Work to be completed -> From the line with "Opinii despre Din" to the final line, print the records exactly as they are.
Content starts
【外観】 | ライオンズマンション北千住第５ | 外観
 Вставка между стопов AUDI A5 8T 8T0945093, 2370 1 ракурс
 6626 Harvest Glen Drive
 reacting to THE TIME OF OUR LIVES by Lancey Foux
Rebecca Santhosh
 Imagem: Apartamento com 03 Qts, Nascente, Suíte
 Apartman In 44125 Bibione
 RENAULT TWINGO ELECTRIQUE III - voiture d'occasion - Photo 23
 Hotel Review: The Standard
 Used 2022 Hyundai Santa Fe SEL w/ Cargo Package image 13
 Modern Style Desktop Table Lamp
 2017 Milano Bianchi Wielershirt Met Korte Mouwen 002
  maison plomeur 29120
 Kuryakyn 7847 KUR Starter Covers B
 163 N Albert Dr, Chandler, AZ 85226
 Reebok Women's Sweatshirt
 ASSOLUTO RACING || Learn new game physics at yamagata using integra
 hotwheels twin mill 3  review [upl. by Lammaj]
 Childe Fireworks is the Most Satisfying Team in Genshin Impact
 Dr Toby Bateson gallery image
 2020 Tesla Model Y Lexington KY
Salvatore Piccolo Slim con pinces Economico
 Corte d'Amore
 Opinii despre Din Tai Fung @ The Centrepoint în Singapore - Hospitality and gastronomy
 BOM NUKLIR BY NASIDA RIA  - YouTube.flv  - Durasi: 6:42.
Content ends
Solution to this exercise ->
 Opinii despre Din Tai Fung @ The Centrepoint în Singapore - Hospitality and gastronomy
 BOM NUKLIR BY NASIDA RIA  - YouTube.flv  - Durasi: 6:42.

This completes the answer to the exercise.